Federal Reserve officials have signaled that they will probably raise interest rates in December, which would mark an end to seven years of near-zero borrowing costs. Last month, officials said they needed more confidence that faster inflation was in train, especially since the central bank has missed its 2 percent target for more than three years.
To see where the Fed stands ahead of their Dec. 15-16 meeting, let's check in with the three price indicators Fed officials are keeping an eye on, as noted in the minutes of their October gathering. Progress on these indicators is likely to weigh into decisions on future rate hikes if the Fed raises the benchmark lending rate by a quarter percentage point next month.
1. Inflation expectations
The minutes said stability in "longer-term inflation expectations" were an important element in Fed officials' forecast for a gradual increase in inflation.
Take a look at this chart below, using data from a survey of economists conducted by the Philadelphia Fed. Respondents' expectations for inflation over the next 10 years slumped to 1.9 percent in the current quarter, the lowest on records going back to 2007. Other survey-based measures have also drifted lower.
The good news here is that the Fed can probably afford to keep interest rates low without stoking price surges, because people already believe that inflation isn't going to take off. The flip side of that is that "the longer inflation stays below the Fed's target the more it is likely to feed into broader sentiment that they will continue to miss the target," said Mike Pond, the head of global inflation strategy at Barclays Capital Inc. in New York.
This isn't a trend that adds to the FOMC's inflation confidence.
2. Commodities and the dollar
"Other factors important to the inflation outlook were the expectation that the influence of lower energy and commodities prices and the stronger dollar would subside," the October minutes said.

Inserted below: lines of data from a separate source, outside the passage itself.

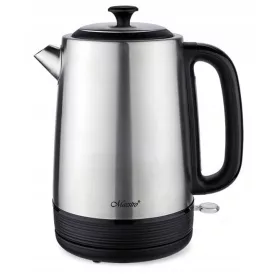  Maestro MR 048 kuhalnik vode 1,7l 2200W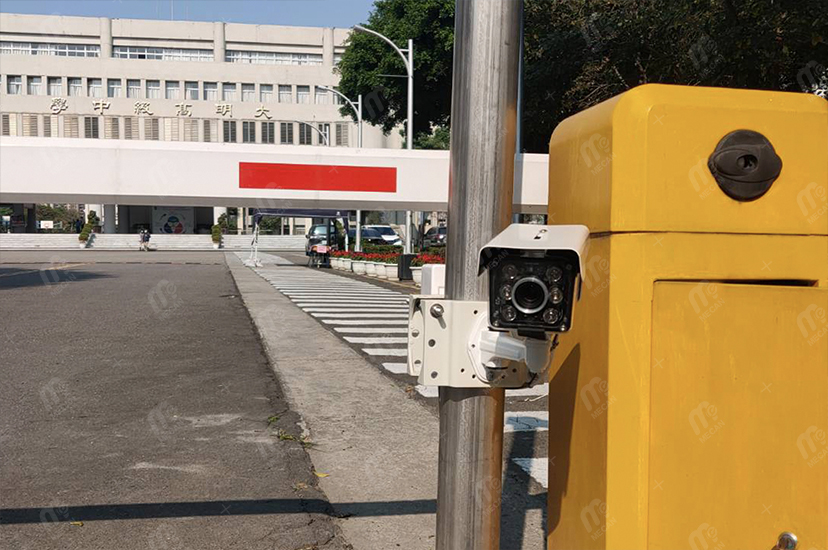 示意圖2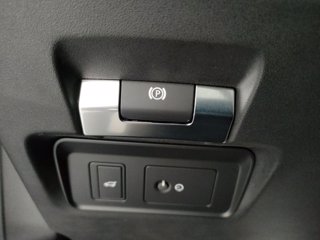 LAND ROVER Discovery Sport 2.0 TD4 163 CV AWD Auto R-Dynamic SE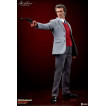 Harry el Sucio Figura 1/6 Clint Eastwood Legacy Collection Harry Callahan 30 cm
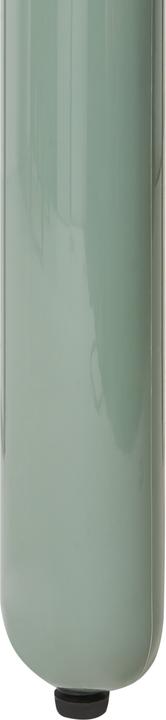 Actual product image Beliani Betim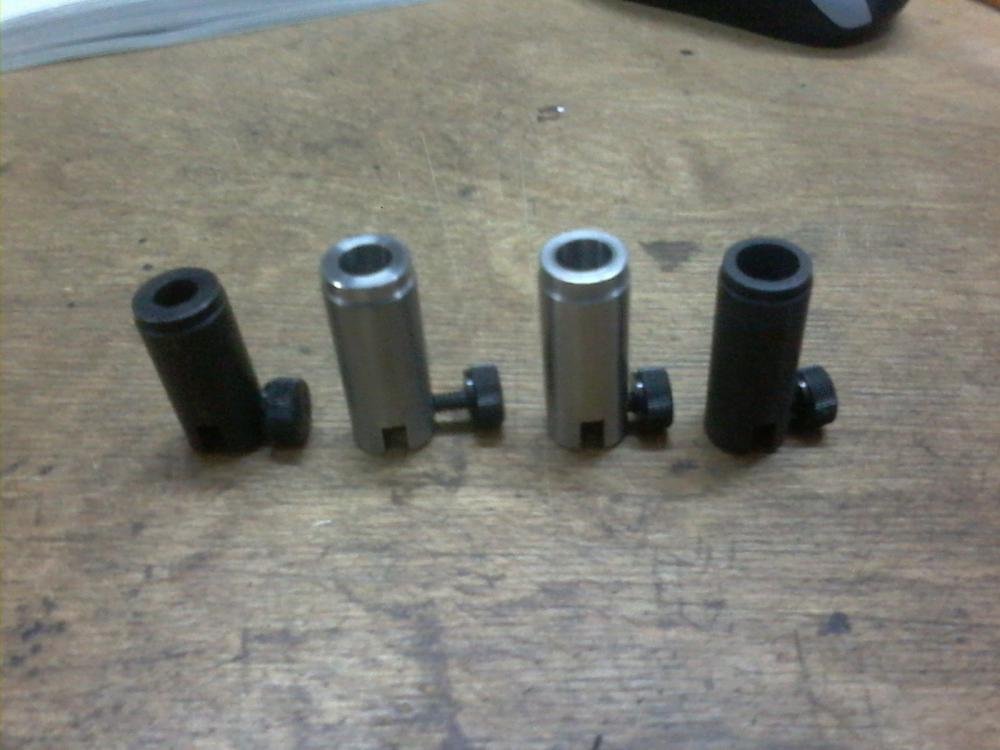 Компаратор от Девидсон.jpg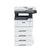Laserdrucker Xerox B415V_DN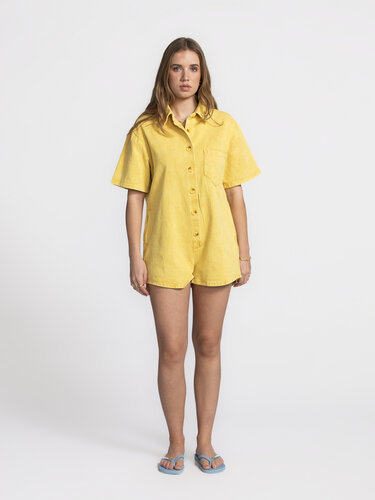 Playsuit Jae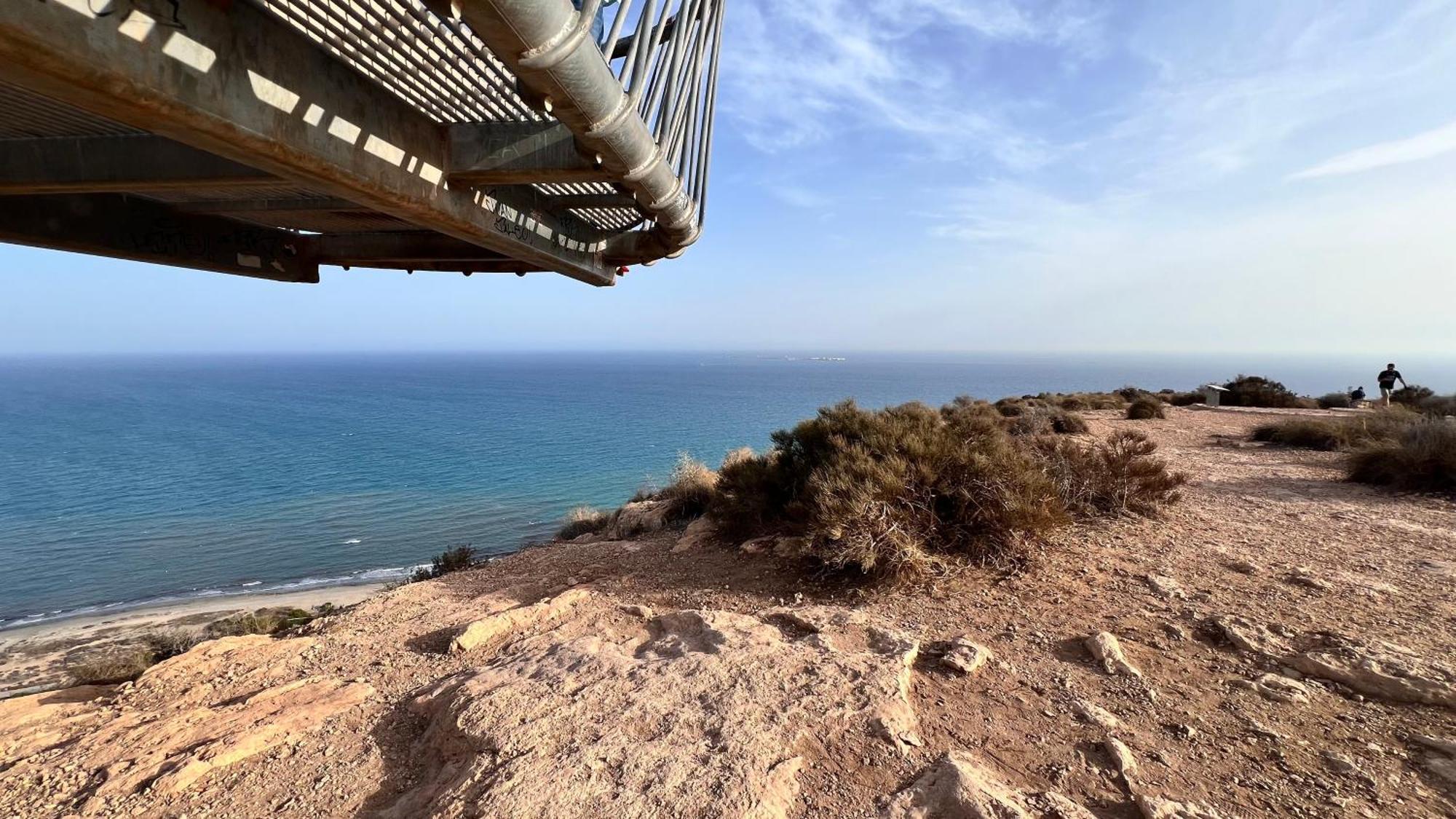 Punta Prima - Sun & Beach & Golf & Bike - Spanish South-Facing Terrace Apartment - La Recoleta - By The Sea Torrevieja Bagian luar foto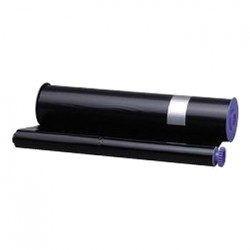 Grossist'Encre Cartouche Toner Laser Compatible PANASONIC PFA-301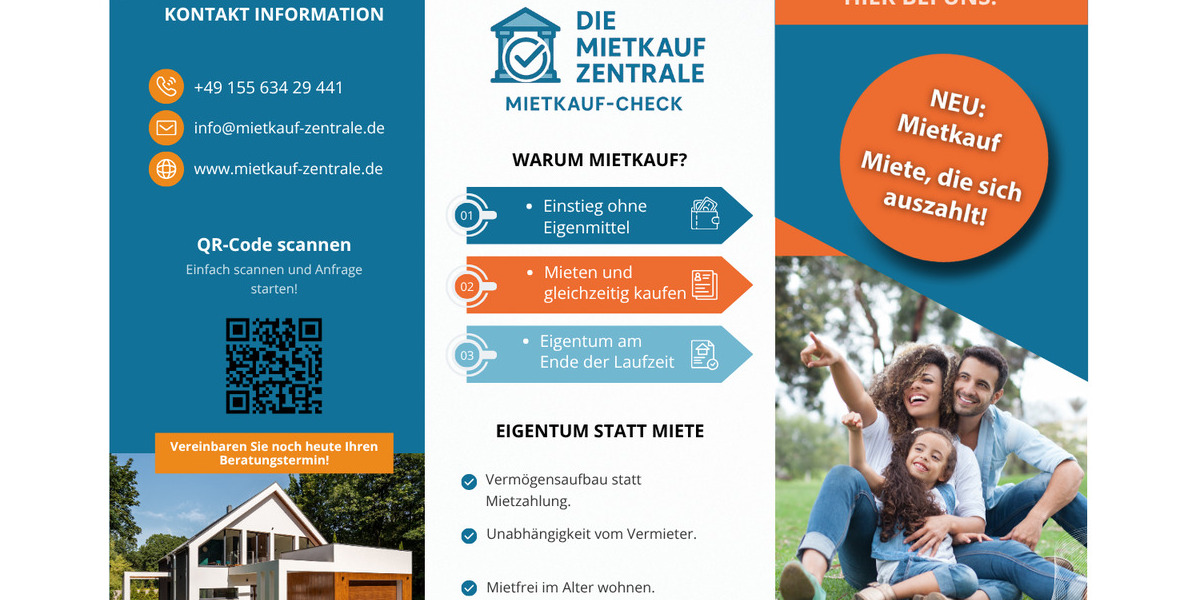 Einfamilienhaus Geldern - 5 Zimmer, 130 m&sup2;, 458.600&euro; | Angebot:25984863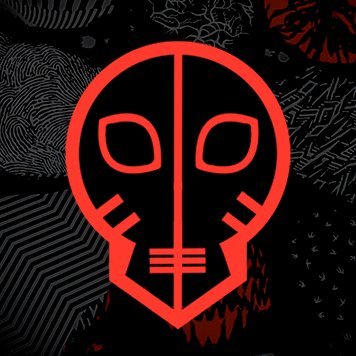 spooky clique 🇧🇷's profile picture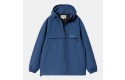 Thumbnail of carhartt-wip-windbreaker-pullover12_557837.jpg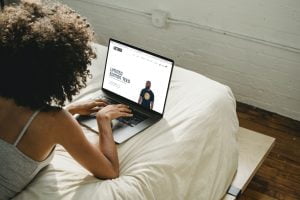Website laten maken Veenendaal - Websitetoday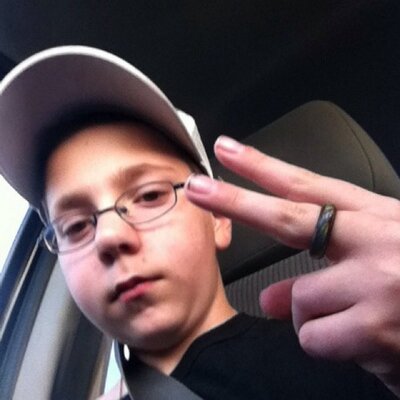 Profile Picture of Josh Roloson (@jdog_josh) on Twitter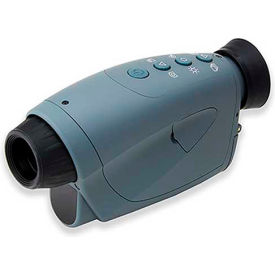 Carson® NV-250 Aura Plus™ Digital Night Vision Dual Monocular Camcorder NV-250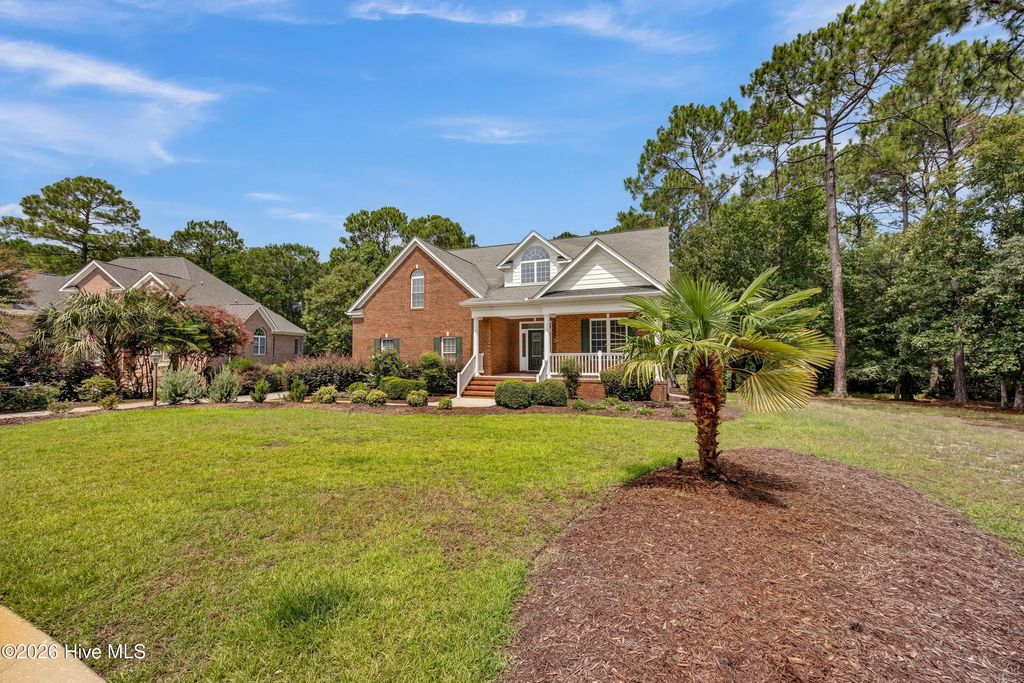 364 Broad Leaf Lane Se, Bolivia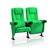 Tip Up Chair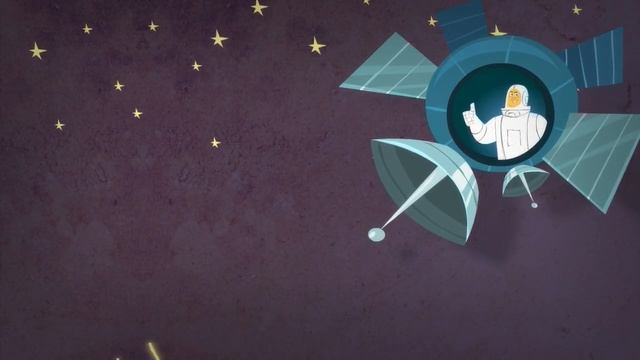 Выставка связи WIC-2011 смотреть онлайн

The Bloomberg Commodity Index—which tracks everything from crude oil to copper—is down 22 percent this year. The Bloomberg Dollar Spot Index, which tracks the U.S. currency against a basket of ten global currencies, is up 9 percent.
Predicting how global demand will influence commodity prices over the next several months, or whether the dollar will maintain its appeal, is difficult. The guess work that's required here doesn't add to inflation confidence.
3. Resource use
Fed officials also said they would need to see the economy continue to expand "at a pace sufficient to increase resource utilization."
Payrolls climbed by 271,000 in October, the strongest increase this year. The economy grew at a 2.1 percent annualized rate in the third quarter, and economists forecast a growth rate of around 2.2 percent in the final three months, according to the median estimate. Fed officials will get the November payroll report on Dec. 4. Estimates are for a gain of 200,000. By these indicators, Fed officials can be optimistic that a continued whittling of resource slack could firm up prices over time.
The bottom line
If this were decision-making by checklist, one out of three would mean the committee would be on hold for December. But the reality is the Fed is weighing many risks, including the possibility of financial distortions from keeping rates too low for too long. The committee sounds intent on raising interest rates. Also, Fed Chair Janet Yellen seems to put more weight on diminishing resource slack.
Even so, if the committee does raise rates in December, inflation performance could be the critical indicator that sets the pace for further increases.
"If they start tightening and then discover that inflation is heading further downward, there is a good possibility that they would just stay on hold for a while," said Andrew Levin, a Dartmouth College professor and former adviser to Yellen.